• **Work request**:
Please give back, word for word, only the lines starting at the one containing "sexxyneil_ online show from 29, 9, 2025" and ending at the one containing "Invité d'honneur : Dominique" within the material below.
Dataset extract START
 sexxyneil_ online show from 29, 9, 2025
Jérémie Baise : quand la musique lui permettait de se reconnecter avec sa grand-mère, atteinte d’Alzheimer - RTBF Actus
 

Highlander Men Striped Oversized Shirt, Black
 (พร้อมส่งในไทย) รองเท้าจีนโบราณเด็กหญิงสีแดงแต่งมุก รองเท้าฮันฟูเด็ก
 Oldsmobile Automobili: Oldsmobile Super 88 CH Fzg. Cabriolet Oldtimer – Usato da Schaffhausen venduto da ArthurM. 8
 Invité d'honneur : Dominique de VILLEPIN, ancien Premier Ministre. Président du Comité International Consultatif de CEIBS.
Dataset extract END
Dataset extract START
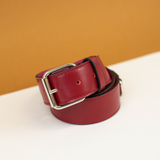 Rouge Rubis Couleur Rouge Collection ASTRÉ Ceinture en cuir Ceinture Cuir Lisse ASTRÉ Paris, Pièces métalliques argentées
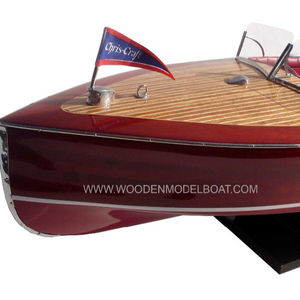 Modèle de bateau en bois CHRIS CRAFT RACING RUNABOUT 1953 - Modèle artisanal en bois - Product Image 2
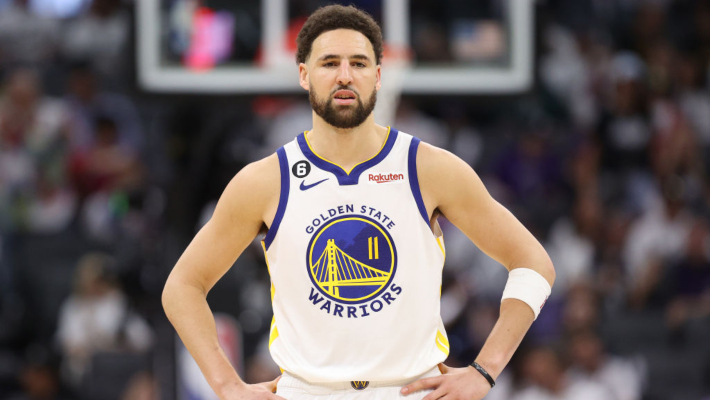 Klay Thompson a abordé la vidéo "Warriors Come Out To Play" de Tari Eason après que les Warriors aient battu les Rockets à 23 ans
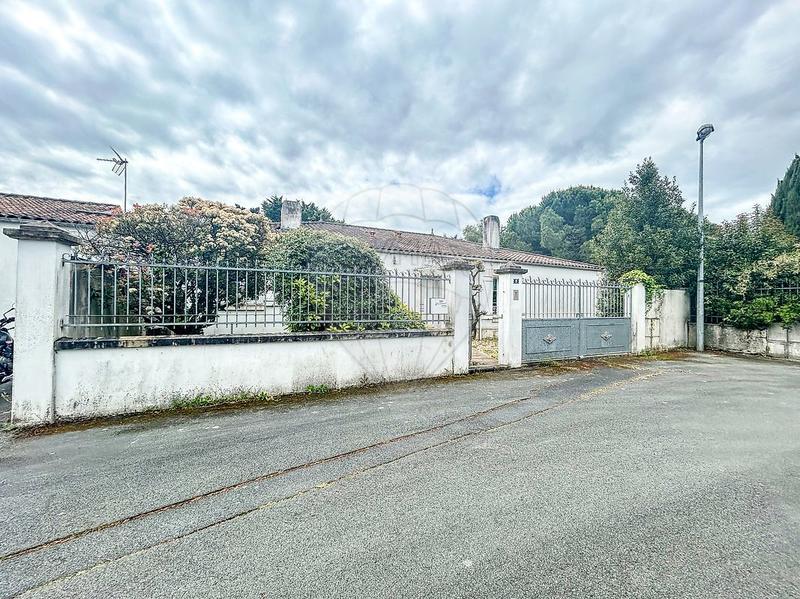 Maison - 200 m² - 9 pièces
Dataset extract END
• **Written response**:
 sexxyneil_ online show from 29, 9, 2025
Jérémie Baise : quand la musique lui permettait de se reconnecter avec sa grand-mère, atteinte d’Alzheimer - RTBF Actus
 

Highlander Men Striped Oversized Shirt, Black
 (พร้อมส่งในไทย) รองเท้าจีนโบราณเด็กหญิงสีแดงแต่งมุก รองเท้าฮันฟูเด็ก
 Oldsmobile Automobili: Oldsmobile Super 88 CH Fzg. Cabriolet Oldtimer – Usato da Schaffhausen venduto da ArthurM. 8
 Invité d'honneur : Dominique de VILLEPIN, ancien Premier Ministre. Président du Comité International Consultatif de CEIBS.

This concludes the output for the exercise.